The provision for Writing Intensive Courses reads:
"For graduation the College will require completion of two designated Writing Intensive (WI) courses in the lower division of the curriculum (at the 100- or 200- level) . . . and one designated WI course in the upper division (at the 300-level or above), within the major discipline design."
"WI courses are subject-area courses that build on the foundational writing courses (English 125 and Writing 301, 302, or 303) to practice and extend skills in reading, critical thinking, and writing by incorporating guided writing assignments."
This second provision of the WAC legislation requires students to elect the appropriate number of WI courses, and requires the academic disciplines to define and designate WI courses in sufficient numbers for students to be able to meet the requirement in a timely way. Courses may be designated either on a semester-to-semester basis, or as a permanent part of the curriculum.

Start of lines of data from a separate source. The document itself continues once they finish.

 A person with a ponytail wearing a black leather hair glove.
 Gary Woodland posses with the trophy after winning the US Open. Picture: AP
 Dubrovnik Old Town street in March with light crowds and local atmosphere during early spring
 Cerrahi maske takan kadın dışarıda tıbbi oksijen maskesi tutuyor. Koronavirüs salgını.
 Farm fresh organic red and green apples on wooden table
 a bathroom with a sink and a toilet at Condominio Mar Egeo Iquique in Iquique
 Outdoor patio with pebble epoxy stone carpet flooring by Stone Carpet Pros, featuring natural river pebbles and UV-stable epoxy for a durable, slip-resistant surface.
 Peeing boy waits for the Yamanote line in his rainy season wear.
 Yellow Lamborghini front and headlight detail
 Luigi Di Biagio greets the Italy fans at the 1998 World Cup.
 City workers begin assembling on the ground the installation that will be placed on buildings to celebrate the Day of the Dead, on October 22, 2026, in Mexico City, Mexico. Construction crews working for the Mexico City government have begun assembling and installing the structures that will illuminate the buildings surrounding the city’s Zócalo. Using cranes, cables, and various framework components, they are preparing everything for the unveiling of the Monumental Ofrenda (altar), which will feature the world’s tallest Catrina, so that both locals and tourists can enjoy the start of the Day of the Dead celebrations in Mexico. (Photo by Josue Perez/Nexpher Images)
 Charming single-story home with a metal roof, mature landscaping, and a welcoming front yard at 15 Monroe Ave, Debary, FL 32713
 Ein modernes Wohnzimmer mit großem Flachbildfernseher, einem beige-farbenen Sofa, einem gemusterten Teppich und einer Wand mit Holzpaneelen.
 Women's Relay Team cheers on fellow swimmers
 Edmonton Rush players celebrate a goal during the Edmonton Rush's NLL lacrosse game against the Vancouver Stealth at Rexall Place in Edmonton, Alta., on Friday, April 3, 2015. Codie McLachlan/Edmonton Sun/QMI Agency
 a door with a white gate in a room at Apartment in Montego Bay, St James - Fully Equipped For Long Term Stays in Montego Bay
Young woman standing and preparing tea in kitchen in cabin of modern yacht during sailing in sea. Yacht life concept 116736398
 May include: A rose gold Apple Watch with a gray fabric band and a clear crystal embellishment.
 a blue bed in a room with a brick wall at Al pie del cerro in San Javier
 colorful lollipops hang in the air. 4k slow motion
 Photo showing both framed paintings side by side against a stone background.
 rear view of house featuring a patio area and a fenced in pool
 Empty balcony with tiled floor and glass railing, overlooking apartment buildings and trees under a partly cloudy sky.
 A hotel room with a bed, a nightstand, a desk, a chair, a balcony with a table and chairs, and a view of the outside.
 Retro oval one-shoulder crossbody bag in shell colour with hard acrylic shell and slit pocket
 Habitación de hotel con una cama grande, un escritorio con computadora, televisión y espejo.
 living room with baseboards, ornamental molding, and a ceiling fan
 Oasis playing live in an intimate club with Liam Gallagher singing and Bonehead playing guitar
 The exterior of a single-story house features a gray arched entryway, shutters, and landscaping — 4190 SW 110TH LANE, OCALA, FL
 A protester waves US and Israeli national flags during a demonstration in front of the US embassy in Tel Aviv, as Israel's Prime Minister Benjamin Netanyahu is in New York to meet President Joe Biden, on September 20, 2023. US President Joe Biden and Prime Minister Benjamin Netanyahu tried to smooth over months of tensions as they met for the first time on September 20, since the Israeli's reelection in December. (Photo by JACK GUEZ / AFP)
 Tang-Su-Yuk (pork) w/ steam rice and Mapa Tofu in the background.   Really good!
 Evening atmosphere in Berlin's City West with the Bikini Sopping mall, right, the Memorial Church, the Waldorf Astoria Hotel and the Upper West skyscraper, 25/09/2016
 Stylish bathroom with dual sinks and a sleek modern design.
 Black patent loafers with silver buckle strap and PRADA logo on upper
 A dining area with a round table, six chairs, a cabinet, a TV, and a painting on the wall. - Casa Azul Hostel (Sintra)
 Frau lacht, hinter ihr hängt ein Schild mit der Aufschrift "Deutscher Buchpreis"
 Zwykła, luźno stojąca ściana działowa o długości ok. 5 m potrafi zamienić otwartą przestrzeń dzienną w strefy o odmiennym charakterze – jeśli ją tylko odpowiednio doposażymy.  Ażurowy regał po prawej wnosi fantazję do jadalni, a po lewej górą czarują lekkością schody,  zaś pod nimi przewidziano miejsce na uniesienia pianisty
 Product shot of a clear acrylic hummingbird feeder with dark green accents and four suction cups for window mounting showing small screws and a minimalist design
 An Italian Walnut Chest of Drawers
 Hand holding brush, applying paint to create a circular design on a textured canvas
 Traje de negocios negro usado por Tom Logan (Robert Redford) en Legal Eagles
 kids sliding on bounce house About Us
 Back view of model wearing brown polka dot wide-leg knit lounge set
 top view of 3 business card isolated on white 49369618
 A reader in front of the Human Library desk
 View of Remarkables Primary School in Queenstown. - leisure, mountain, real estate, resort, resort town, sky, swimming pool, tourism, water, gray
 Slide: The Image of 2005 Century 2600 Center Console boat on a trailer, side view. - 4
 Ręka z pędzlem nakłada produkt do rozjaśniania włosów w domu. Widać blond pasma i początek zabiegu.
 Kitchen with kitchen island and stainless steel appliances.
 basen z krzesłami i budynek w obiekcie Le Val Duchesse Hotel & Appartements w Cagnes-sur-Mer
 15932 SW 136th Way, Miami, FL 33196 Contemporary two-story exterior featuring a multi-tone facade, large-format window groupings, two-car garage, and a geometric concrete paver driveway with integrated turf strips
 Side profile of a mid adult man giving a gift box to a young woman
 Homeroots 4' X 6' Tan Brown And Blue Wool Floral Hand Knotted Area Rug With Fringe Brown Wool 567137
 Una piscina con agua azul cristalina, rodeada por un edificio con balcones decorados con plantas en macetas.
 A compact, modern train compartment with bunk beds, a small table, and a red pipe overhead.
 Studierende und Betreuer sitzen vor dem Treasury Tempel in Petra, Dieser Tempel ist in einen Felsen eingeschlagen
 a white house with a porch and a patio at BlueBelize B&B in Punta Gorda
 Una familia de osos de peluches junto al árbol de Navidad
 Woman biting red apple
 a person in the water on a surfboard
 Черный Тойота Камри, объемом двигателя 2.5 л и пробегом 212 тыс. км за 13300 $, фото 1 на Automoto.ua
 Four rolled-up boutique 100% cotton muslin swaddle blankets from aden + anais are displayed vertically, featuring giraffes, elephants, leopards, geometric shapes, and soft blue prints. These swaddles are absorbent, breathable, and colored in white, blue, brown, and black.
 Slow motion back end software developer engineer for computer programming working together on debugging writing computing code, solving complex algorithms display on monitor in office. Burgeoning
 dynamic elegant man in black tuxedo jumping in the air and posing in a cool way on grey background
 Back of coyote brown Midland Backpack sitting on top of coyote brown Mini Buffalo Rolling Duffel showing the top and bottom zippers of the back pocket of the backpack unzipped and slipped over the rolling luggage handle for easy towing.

An emphasis on high-stakes writing assignments (see "Low- and High-Stakes Writing" on pages 24-25) also distinguishes WI courses from the Writing Enhanced courses in General Education.
Currently, students who entered York College in or after Fall 2003 must complete a minimum of three writing intensive (WI) courses, two in the lower division, and one in the upper division within the major.
Defining a Writing Intensive Course
The York College WAC program is built on the model of a "spiral curriculum," and the Writing Intensive courses play a key role in that model. The WI courses extend the learning of the foundational writing courses to new contexts in the disciplines. To repeat the language of the provision:
Faculty members and students must understand that there is a distinction between a WI course and a course that is intense because it includes a lot of writing.
- A WI course includes carefully crafted formal writing assignments that are linked to the unfolding of course material. Assignments are not "add-ons."
- Formal writing assignments are guided; that is, assignment sheets are detailed and students receive ongoing feedback and advice on work in progress.
- The assignments and guidance build on the work of the foundational writing courses to promote a common vocabulary and approach to the writing process; there is an emphasis on critical reading and thinking as well as an insistence on professional preparation of written work.
The designated WI courses must meet defined criteria because they are part of a graduation requirement; completion of WI courses is noted formally on each student’s transcript.
Rationale and Criteria for Writing Intensive Courses
The criteria for WI courses keep the focus on the process of engaging students in writing activities for the discipline in a way that can lead to improved reading, writing, and thinking skills. These criteria are based on the recommendations of the CUNY-wide Faculty Advisory Committee for WAC.
- "Formal papers" means that these assignments usually draw upon reading and/or research and require thought, planning, organization, reflection, and some form of scholarly research. "Finished pages" means the standard typed,double-spaced page with one-inch margins. Note: Essay examinations are not formal papers because they do not involve planning and revision. Therefore, essay examinations are not included toward the 10-12 finished pages required in WI courses.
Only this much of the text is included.